# Gulp Sand Fleas



## Tippin Slow (Nov 21, 2007)

Ive went out twice using the Gulp Sand Flea in Orange Burn with no luck as of yet. I was fishing the OK Island and East of Destin... Has anyone else had any success with the Gulp Fleas for Pompano??


----------



## PennFish (Oct 18, 2007)

I went 2 weekends ago between Destin and FWB, 3 rod, double hook rigs a gulp flea on 1 hook and a fresh dead bay shrimp on the other. Two Bonnethead sharks on the shrimp, the fleas looked the same after 3 hours.

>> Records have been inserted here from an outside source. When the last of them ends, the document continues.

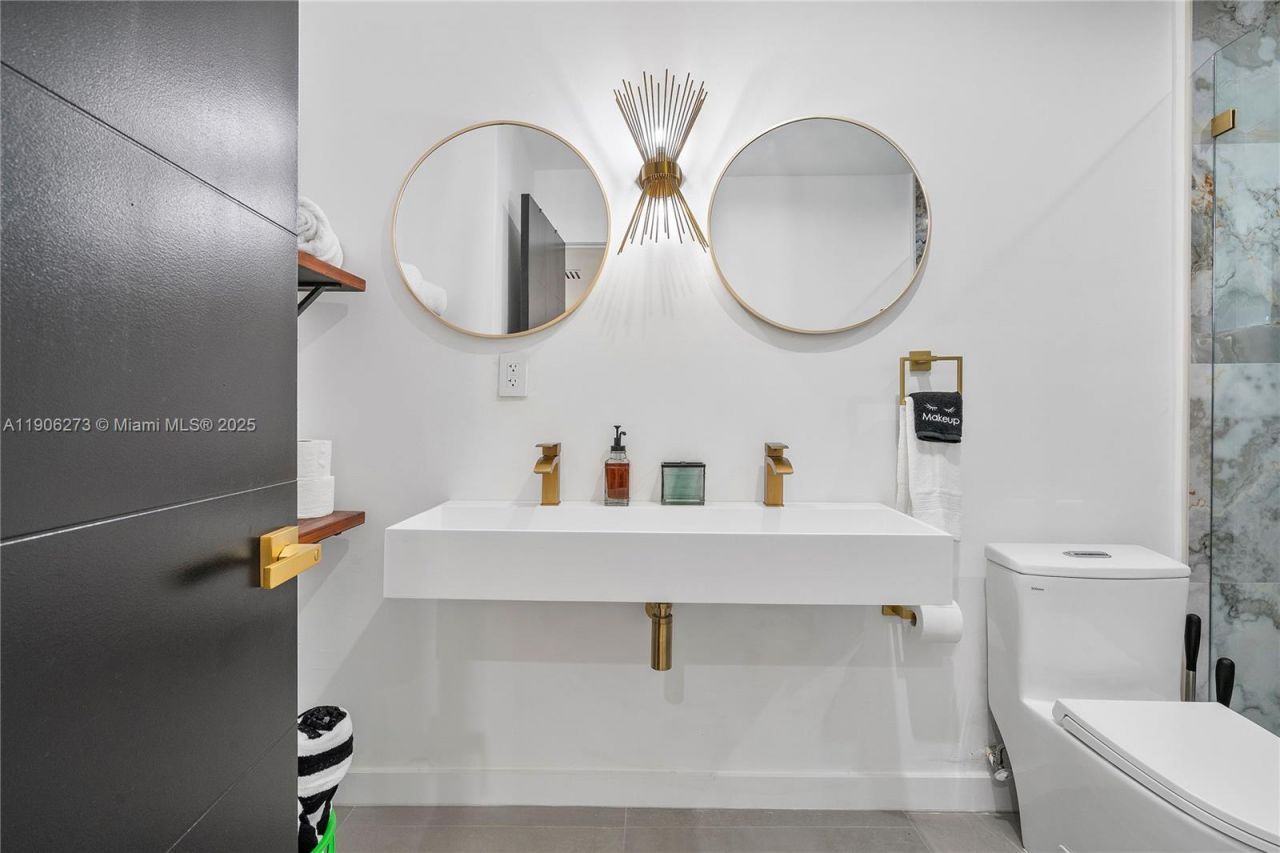 256 NW 57th St, Miami, FL 33127 Photo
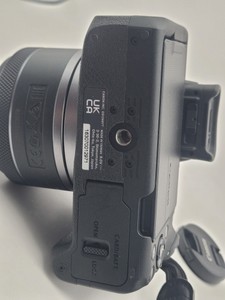 Б/в Фотоапарат Canon eos r50 + rf50mm f1.8 stm 01-201150380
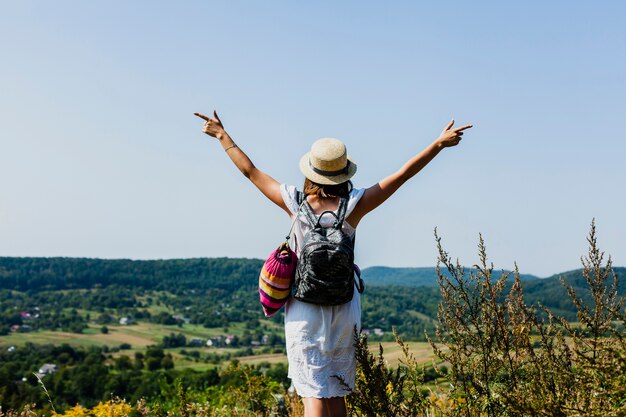 Femme applaudissant une belle journée à l'extérieur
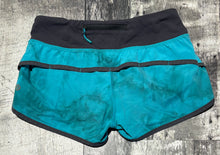 Load image into Gallery viewer, lululemon blue/black shorts - Hers size 2
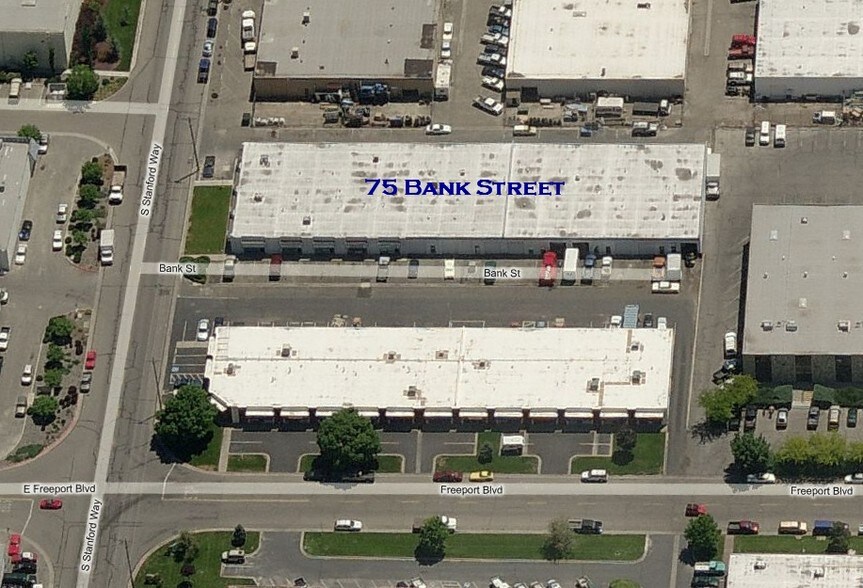 75 Bank St, Sparks, NV à louer - Photo de l’immeuble – Image 2 sur 2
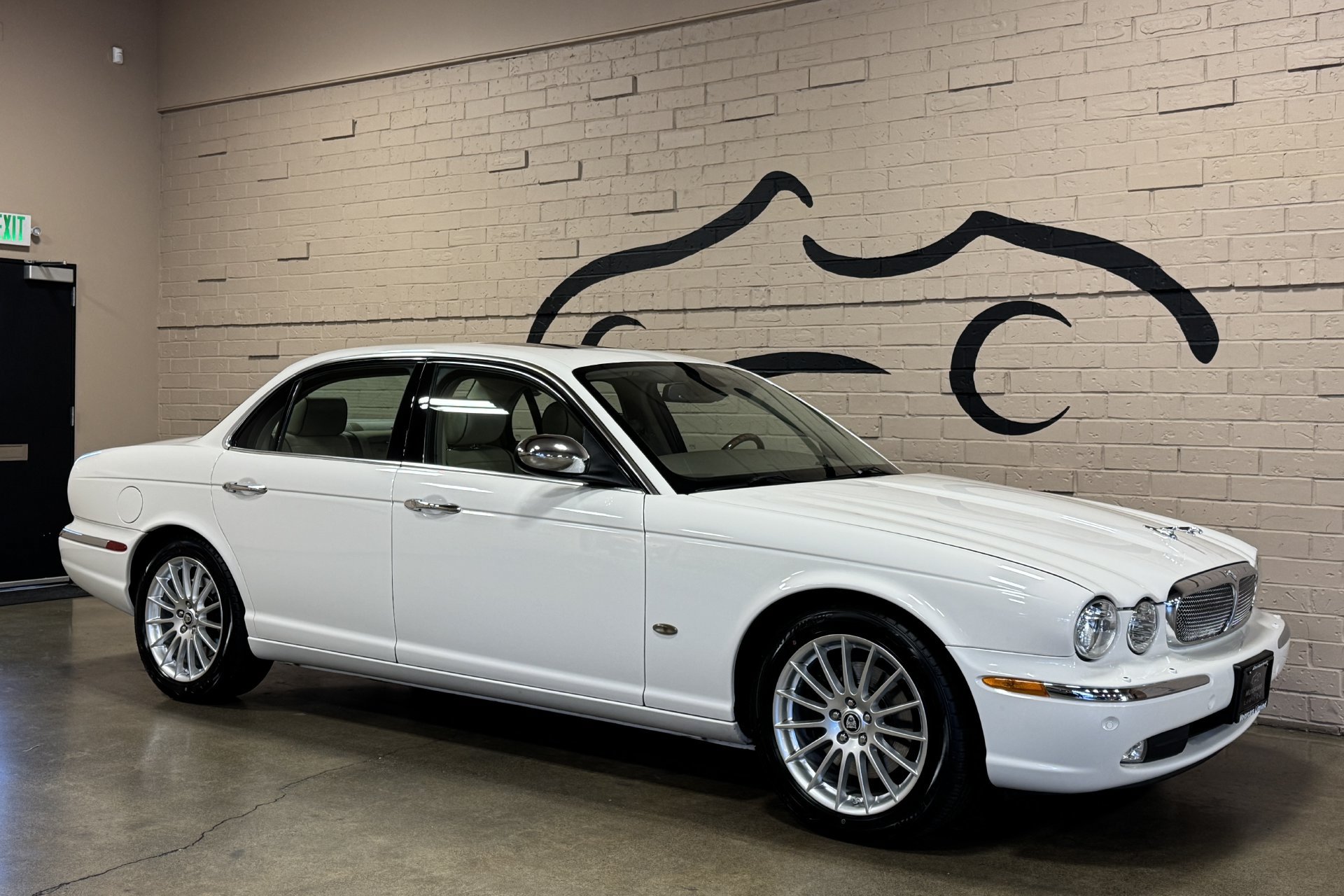 Used 2007 Jaguar XJ8 RWD image 2
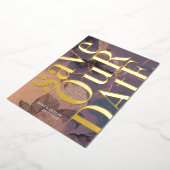 Gold Monogram Paarse Herfst sla de datum op Folie Uitnodiging (Gedraaid)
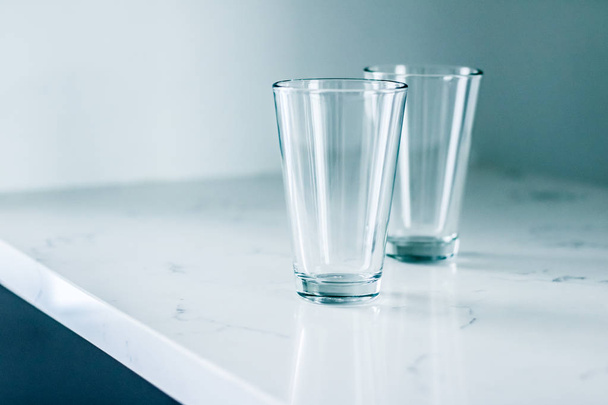 Limpiar vasos vacíos sobre mesa de mármol
 - Foto, Imagen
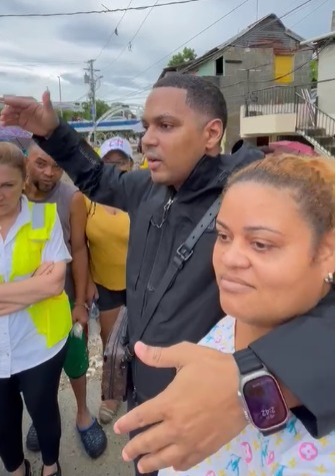 Santiago Matías acompaña a Carolina Mejía en recorrido por barrios vulnerables; insta a ciudadanos recoger basura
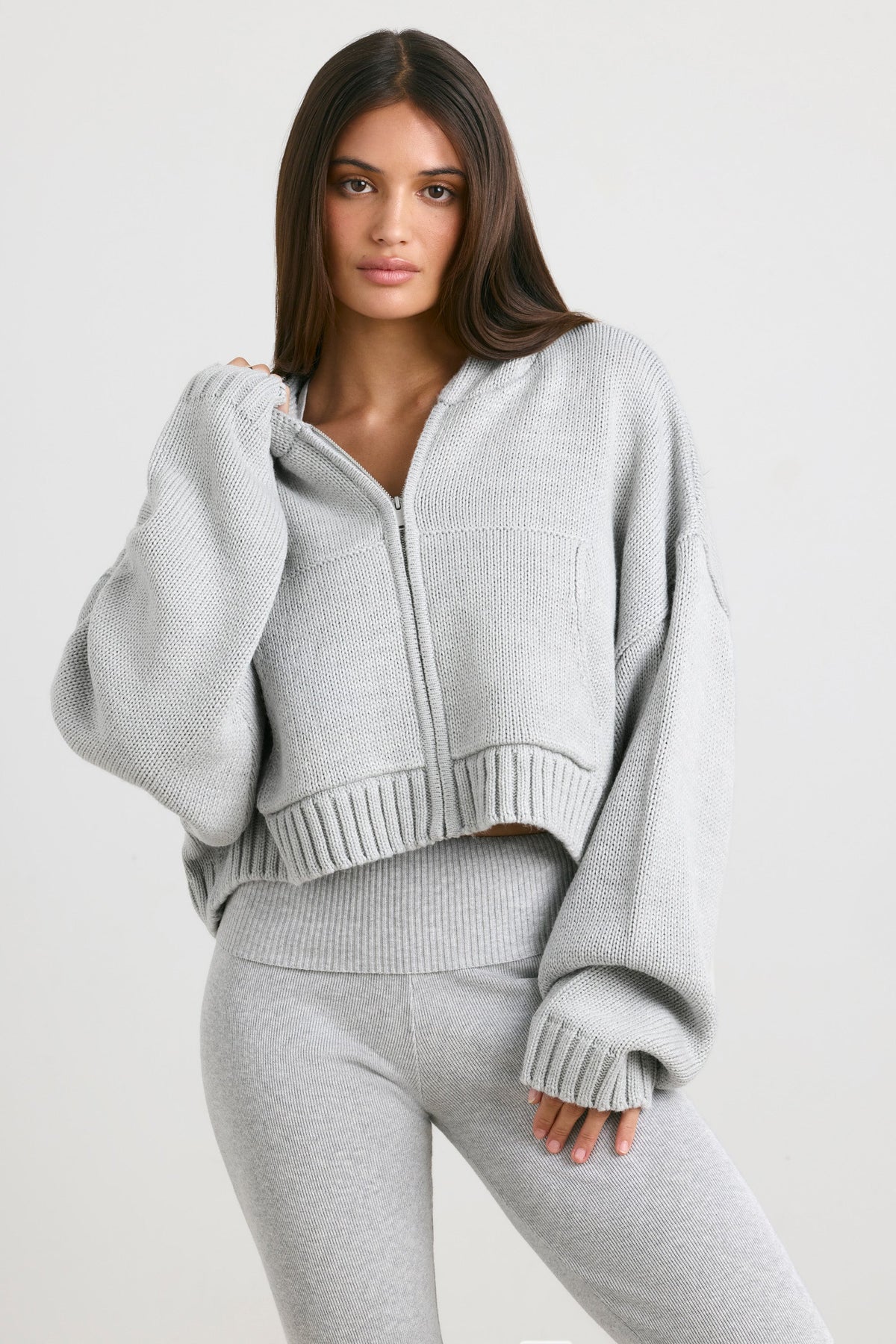 Chic Cropped Zip Up Chunky Knit Hoodie in Heather Grey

Now since I didn't catch a pomp on any of the rigs it might not be a fair test.


----------



## true-king (Oct 2, 2007)

I don't think they work as well as live sand fleas, but I sometimes put one on my rig in case my bait falls off.


----------



## Wharf Rat (Sep 27, 2007)

I caught a pomp on one just once...but I think he rode the pomp short bus.


----------



## specslayer (Oct 9, 2007)

ive caught plenty on them and on the jerk shad cut up into sections (after pinfish pull the tails off)


----------



## Tippin Slow (Nov 21, 2007)

Not looking good for the Gulp Sand Flea....


----------



## Shiznik (Feb 24, 2008)

Maybe I'll have to get some more and try them again. Are the Gulp fleas the best of the ones out there if I did try'em? I've not given in to the frozen ones and I guess I should try the Gulps and see if it helps....:hungry


----------



## Boatjob1 (Oct 2, 2007)

I bought some to, but have yet to try them. ALWAYS keep in mind that a lot of those artificials are made to catch the fisherman and there wallets toooooooooo..... I have boxes of stuff to prove this theory..... Great post! I hope somebody does slay them with those Gulp's and lets us know..... Tight lines, T

PS I took a yellow fire tail stringray grub with a 1/4 oz led head, bit the tail off and limited out a couple of different times last year, so I guess you never know... Good luck.


----------



## Nat-Light (Oct 9, 2007)

Save your money. I think for the most part they are snake oil.


----------



## Austin (Sep 30, 2007)

I use gulp fleas to tip my pomp jigs when fresh fleas aren't available. They work great! I have heard of little success using them on a hook rig though..


----------